What just happened? A lengthy legal battle over computer files that enable people to 3D print gun parts has been settled. It is now legal to own and distribute 3D model blueprints of firearm components, as doing so is protected under free speech rights.

As reported by Wired's Andy Greenberg, the decision comes after the Department of Justice offered gunmaker Cody Wilson and his co-plaintiffs a settlement to end a lawsuit they filed in 2015.

Back in 2013, Wilson uploaded the blueprints for the world's first working 3D-printed pistol, the "Liberator," to his website. A week later, the US state department demanded he remove them or face prosecution for violating federal export controls.

Wilson's lawyers have argued that stopping him from posting the blueprints is a violation of his right to bear arms and his First Amendment free speech rights.
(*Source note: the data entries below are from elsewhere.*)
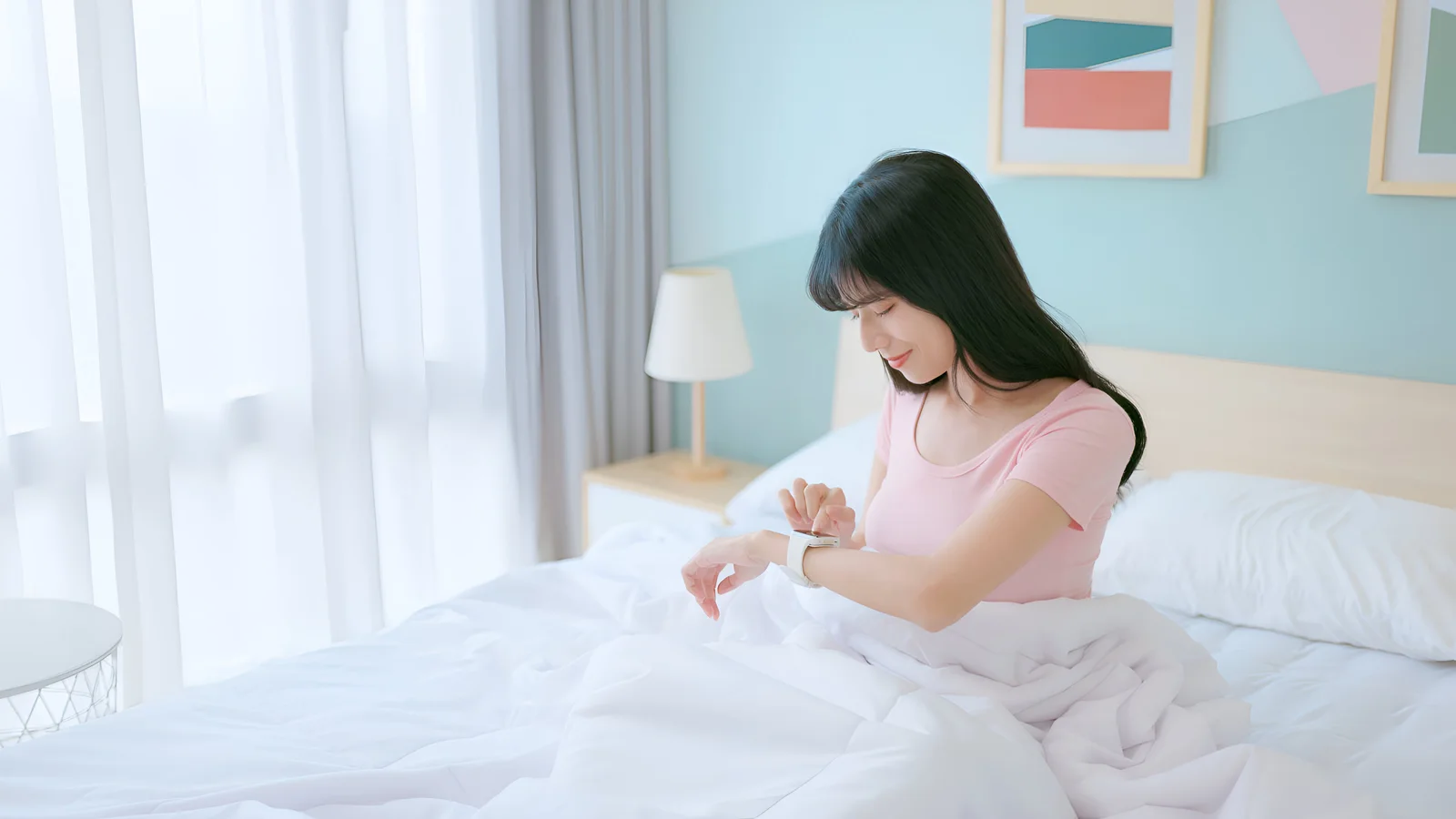 A woman sitting up in bed in morning light, looking at the smartwatch on her wrist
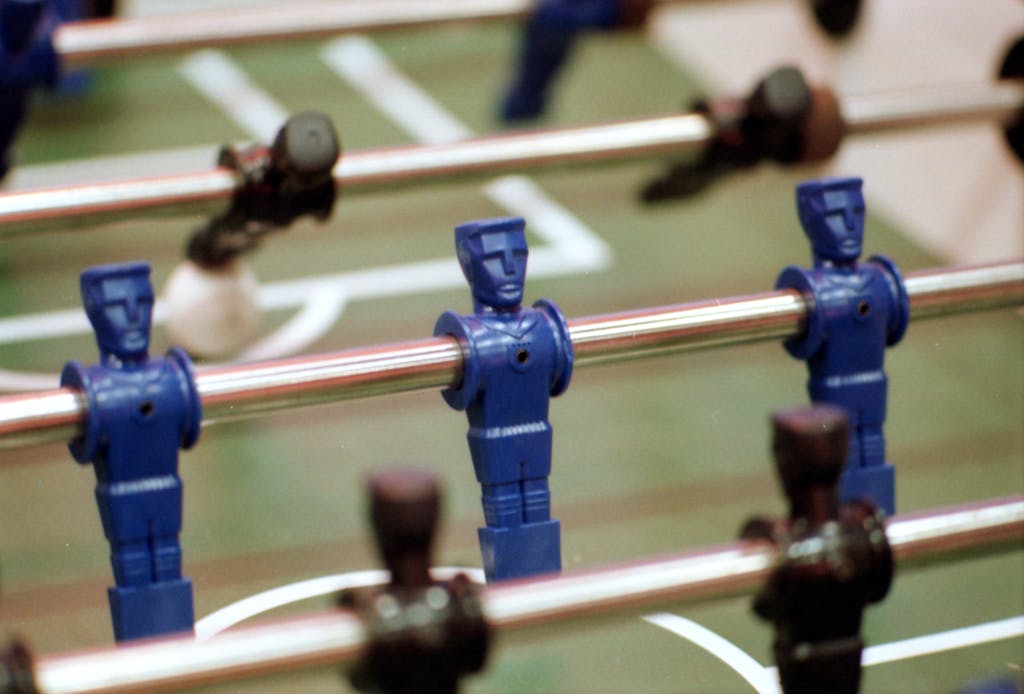 Detailed view of blue plastic foosball players on a soccer table game surface, perfect for game enthusiasts.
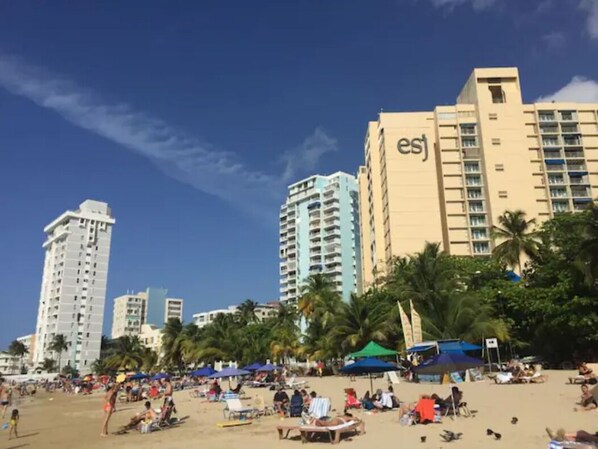 Ein Strandhotel mit mehreren Hochhäusern, Palmen und Badegästen.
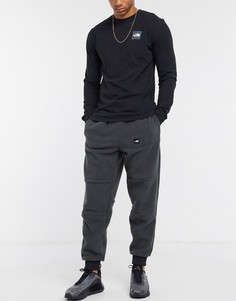 Серые флисовые брюки The North Face-Серый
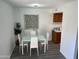 This dining room has a white table and chairs, wood look floors and a modern light fixture at 4032 W Reade Ave, Phoenix, AZ 85019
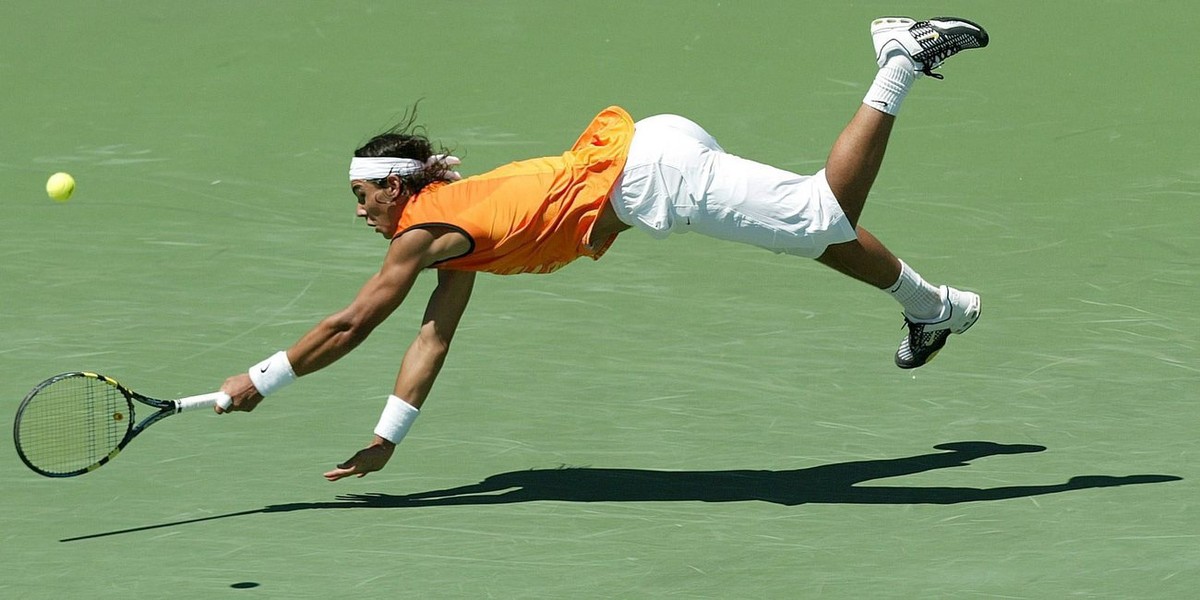 Roger Federer of Switzerland celebrates a point during his match against Andre Agassi of the USA during their semifinal match at the Nasdaq-100 Open in Key Biscayne, Florida Friday 01 April 2005. Fede ...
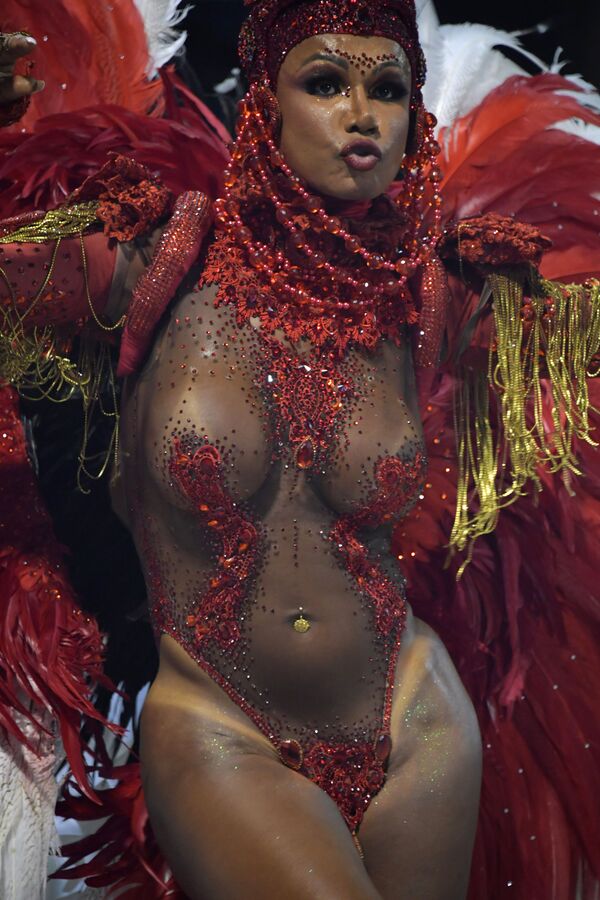 A reveller of the Tom Maior samba school performs during the first night of carnival in Sao Paulo Brazil at the city's Sambadrome early on February 22, 2020.  - Sputnik International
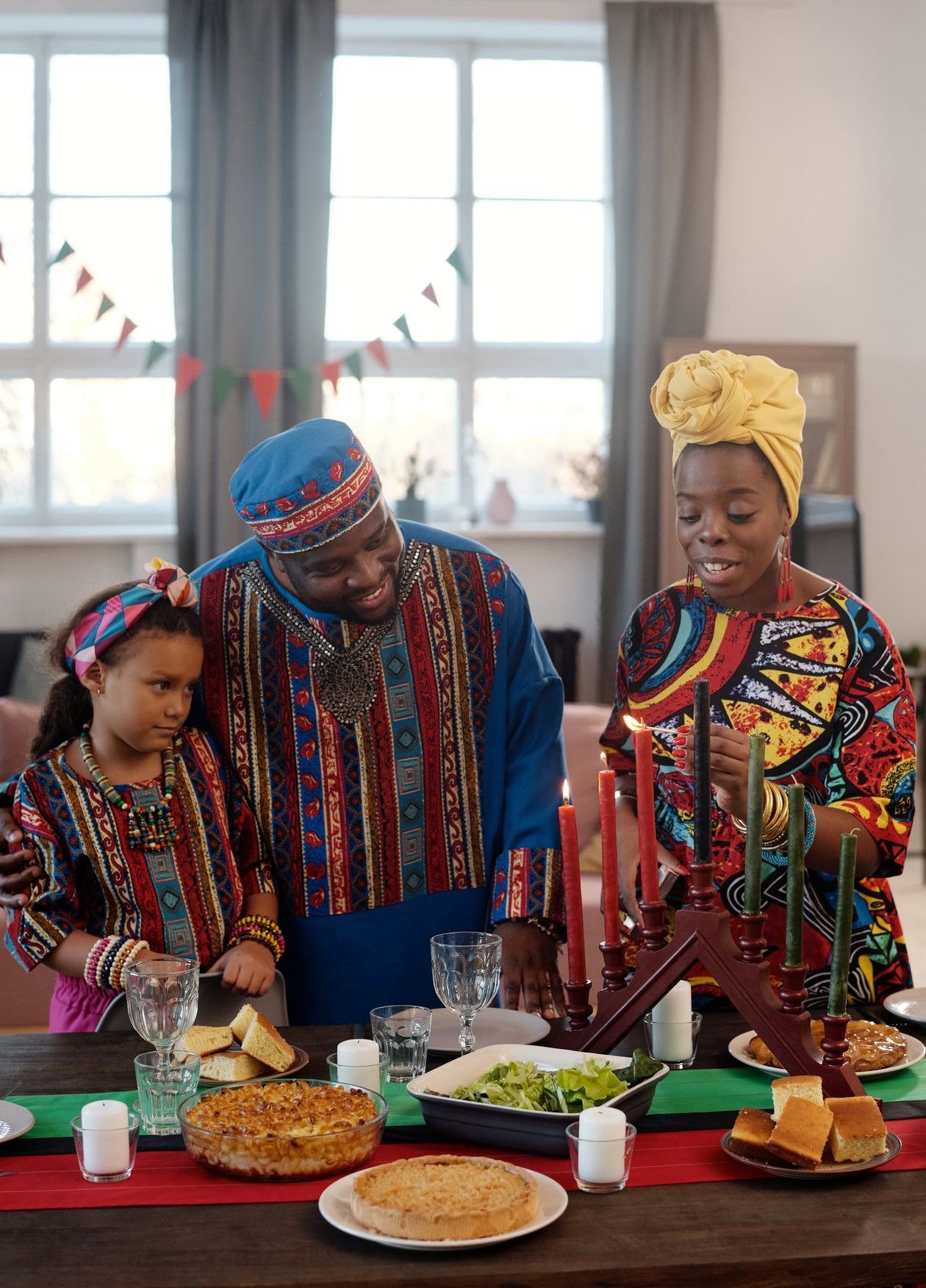 Kwanzaa porch decorated with lanterns and evergreen planters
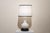 A 1960s vase table lamp. The structure consists of, from bottom to top, a circular, molded black wooden base and a...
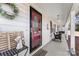 Inviting front porch with rocking chairs and red front door at 320 Belwood Dr, Belmont, NC 28012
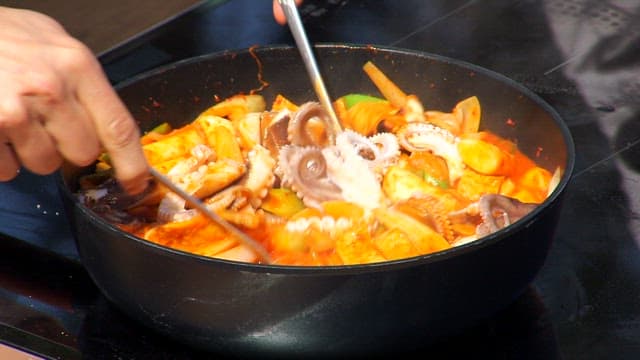 Cooking spicy webfoot octopus tteokbokki with a frying pan and spoon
In the settlement, the government agrees to exempt "the technical data that is the subject of the Action" from legal restriction, which means you can own and distribute the files, and probably even print and use the guns. You just can't sell them.

Speaking about the decision and what it means, Wilson said, "I consider it a truly grand thing. It will be an irrevocable part of political life that guns are downloadable, and we helped to do that."

Wilson and the nonprofit he founded, Defense Distributed, are now chasing the original vision of creating the world's largest online repository of digital gun models, called DEFCAD. "This legal victory is the formal beginning to the era of downloadable guns. Guns are as downloadable as music. There will be streaming services for semi-automatics," he told TechCrunch.

Gun control advocates worry that the settlement could see criminals 3D printing a range of firearms that could be essentially untraceable.